The IR Microcam sensor from Microcam Corp., pictured above, is an uncooled system intended for extremely small unmanned aerial vehicles that must navigate during the day and at night.
Ever-smaller infrared sensors are giving rise to a new class of hand-held IR cameras for military and civil surveillance applications. Pictured above is the NightMaster IR camera from Cincinnati Electronics Corp.
Infrared sensor market expected to grow through 2004
The market for imaging infrared focal plane array sensors and systems is expected to grow by a compound annual growth rate of 29 percent through at least 2004, according to a study by analysts at Frost & Sullivan of Mountain View, Calif.
The study, entitled U.S. Markets for Commercial and Military IR Imaging FPA Sensors and Systems, places the greatest market growth in emerging IR technologies such as microbolometer, ferroelectric, and quantum well infrared photoconductors.
Other market opportunities will be in very-high-performance IR technologies as military programs begin production and require large numbers of sensor systems, the study says.
Market drivers include military and paramilitary IR imaging system upgrades, and a quickly growing commercial market, primarily for uncooled IR sensors such as microbolometers and ferroelectric bolometers.
The study, released in January, segments the infrared sensor market in two different ways. First, the study breaks the market into sensors and integrated systems.
Second, the study divides the market into five major segments - mercury cadmium telluride, indium antimonide, platinum silicide, extrinsic silicon, and emerging focal plane arrays and imaging systems such as microbolometers, ferroelectric bolometers, and quantum well infrared photoconductors.
In 1996, total revenues for imaging infrared focal plane array sensors were $283.7 million. Revenues for IR sensor integrated systems, meanwhile, were $1 billion, according to Frost & Sullivan figures.

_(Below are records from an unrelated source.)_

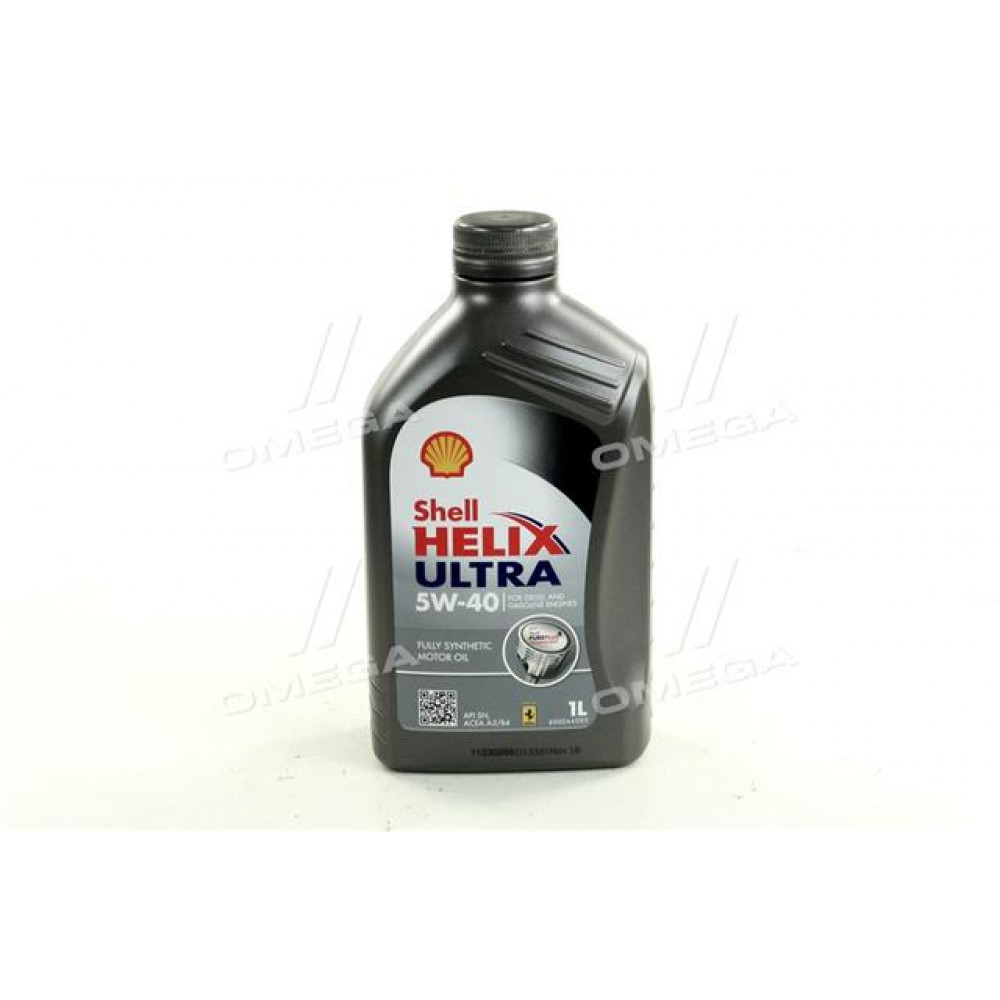 Масло моторн. SHELL Helix Ultra SAE 5W-40 SN/CF (Канистра 1л)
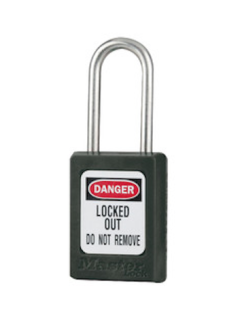 S33KAMKBLK | Zenex Padlock - Keyed Alike and Master Keyed (Master Key to order separately) padlock - NO Key retaining main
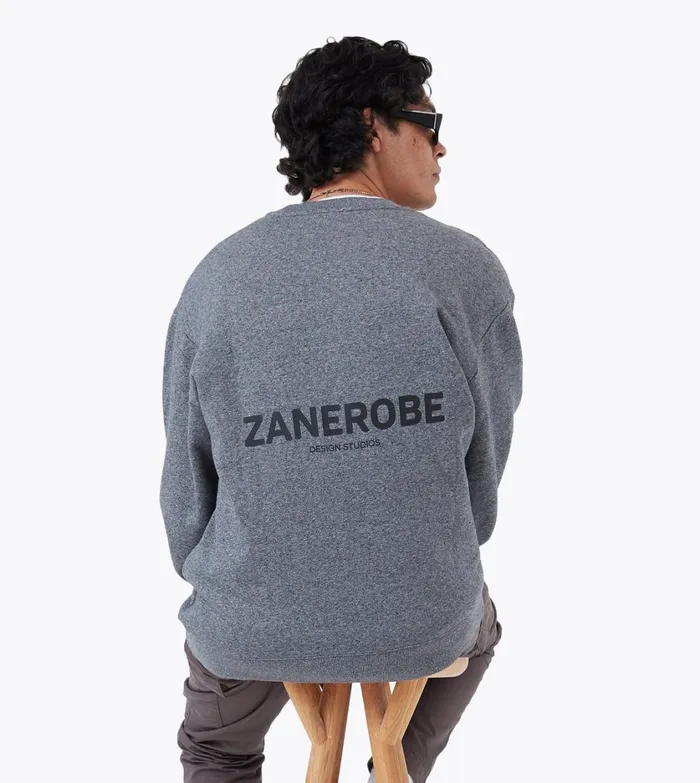 Zanerobe Hoodies and Sweaters Men ZDS Lowgo Crew Sweat Static
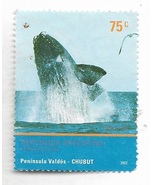 Argentina 2002 southern right whale stamp - $2.74 CAD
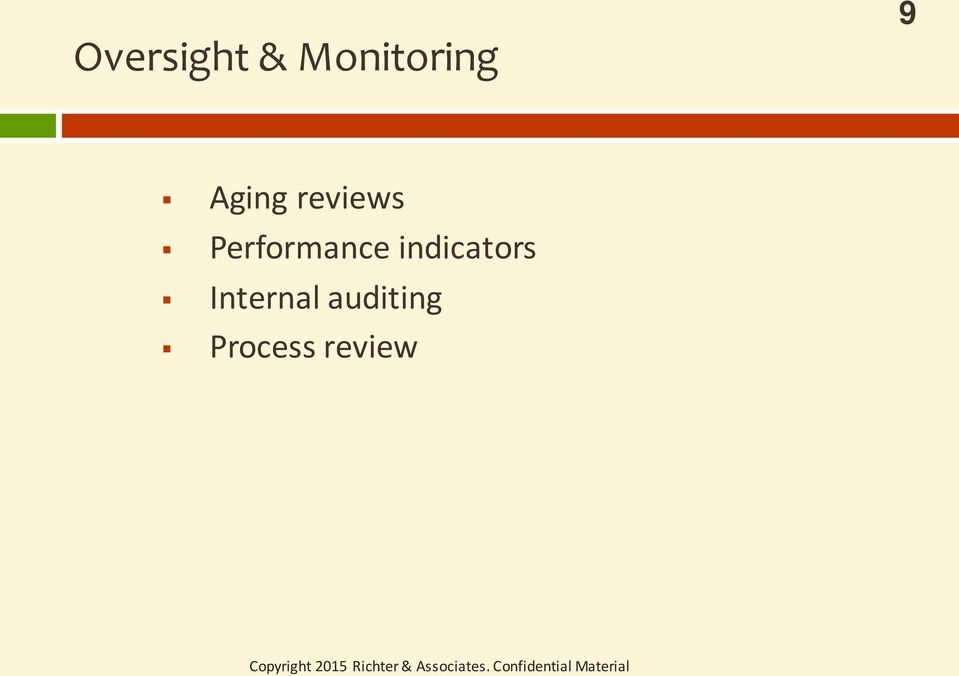 Performance indicators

The other infrared focal plane array sensor markets in 1996, according to Frost & Sullivan figures, were:
- mercury cadmium telluride arrays - $190 million for sensors, and $535.7 million for systems;
- indium antimonide arrays - $53 million for sensors, and $264 million for systems;
- platinum silicide arrays - $16.4 million for sensors, and $82 million for systems;
- extrinsic silicon arrays - $5 million for sensors, and $25 million for systems;
- ferroelectric arrays - $9.6 million for sensors, and $48 million for systems;
- microbolometer arrays - $9.7 million for sensors, and $46.2 million for systems; and
- quantum well infrared photoconductors - no revenue in 1996 because the technology was only reaching the marketplace that year. In 1997, however, QWIP technology was worth $3.5 million for sensors, and $17.5 million for systems. - J.K.